Uma pessoa bêbada, apesar das dificuldades de comunicação, consegue perceber quais são as pessoas não bêbadas, e quando em apuros é a essas pessoas que recorre. Reparem, eu não me importo nada- e não como se eu nunca tivesse feito de um amigo engenheiro meu enfermeiro particular-, aliás, ao ver o ali o meu amigo a expelir coisas da sua boca enquanto tocava a soundtrack do Jurassic Park, percebi o verdadeiro poder que o álcool tem. Meus amigos, o álcool é, nada mais nada menos, que um igualador social. Quer sejas alguém de renome na tua área ou uma pessoa, com azar na vida, que ande na rua, não há cérebro que difira um do outro após três copos de whiskey-cola. O álcool é um justiceiro disfarçado que mostra que nós todos, no fundo, somos iguais. Arrisco-me a dizer que todas as disputas mundiais estão a uma tasca de distância de serem travadas. Se o Putin se reunisse com o Zelensky à mesa de um café com um bom bagaço, o russo ia perceber que, se calhar, a Ucrânia é tanto um país como a Rússia, travar esta hedionda guerra e até poderiam ficar bons amigos. Portanto, não há mal absolutamente nenhum em sair e beber, controladamente, claro. É algo que deve ser considerado uma bela, monótona, parte da vida, a não ser que sejas primeira-ministra na Finlândia. Pois é, este texto não é só javardice, tem também uma crítica social.
É que toda esta, vamos chamar-lhe polémica para facilitar, em torno de Sanna Marin pôs-me verdadeiramente confuso. Julgamentos pejorativos em torno de pessoas com cargos políticos sempre foram algo inerente a essa mesma profissão. “És um ladrão” ou “és um mentiroso” são insultos que estou a habituado a ouvir desde pequeno, agora “danças mal a Macarena” foi a primeira vez.
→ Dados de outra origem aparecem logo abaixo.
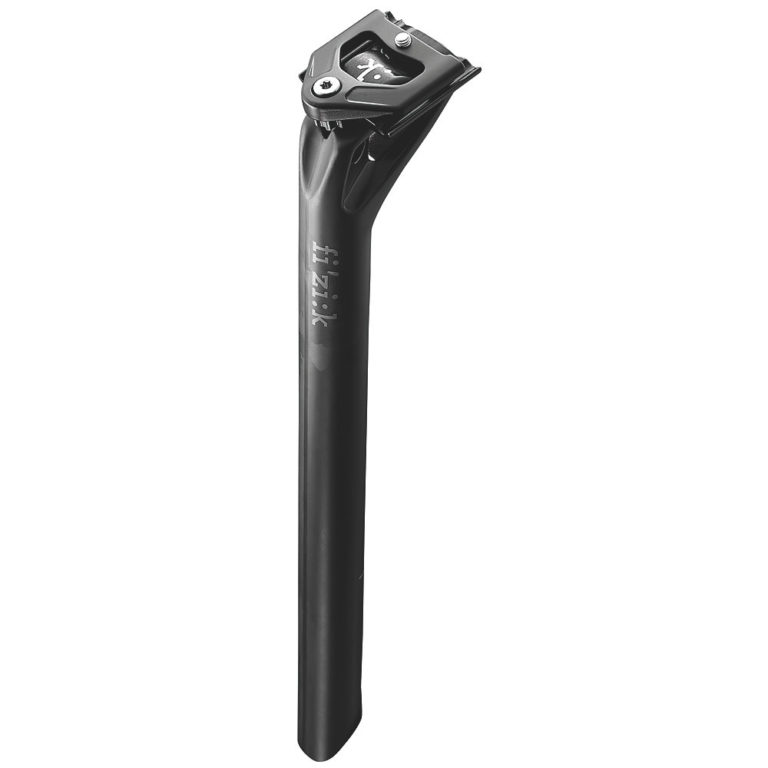 Fizik Cyrano 00 Carbon Seatpost Reviews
Como é possível criticar alguém por se divertir? É suposto haver profissões em que a diversão é proibida? Ou não se pode levar a sério alguém que ande por aí na “macacada”? É que se for esse o caso o Ricardo Araújo Pereira, mesmo sendo uma figura sapientíssima, não pode ser comentador político. Ou a crítica é dirigida à cantoria de Sanna Marin? É que nunca vi ninguém em Portugal a proibir o Zé Cabra de ter uma carreira musical. Ou então é mesmo um sentido de ofensa para com os passos descoordenados da primeira-ministra finlandesa? Se formos por aí, temos também que abolir as dançarinas que enchem as tardes de domingo dos principais canais das nossas televisões.
Em jeito de conclusão, queria só pedir aos finlandeses: calma. A pobre mulher só se está a -e sejam fortes para ler isto- “pidä hauskaa”, e não há mal nenhum nisso. É que há algo verdadeiramente importante que eu retirei da minha experiência de sobriedade. Quando, no fim daquela minha fatídica noite, eu olhei para aqueles destroços humanos, sujos e descoordenados que eram os meus amigos, tudo que eu conseguia pensar naquele momento era “quem me dera estar como eles”. Por isso divirtam-se, saiam e bebam, sempre com juízo, que isso não afetará quem vocês são, muito menos influencia como vão gerir o orçamento de Estado do vosso país. Agora vou andando, que há que aproveitar as tardes de férias.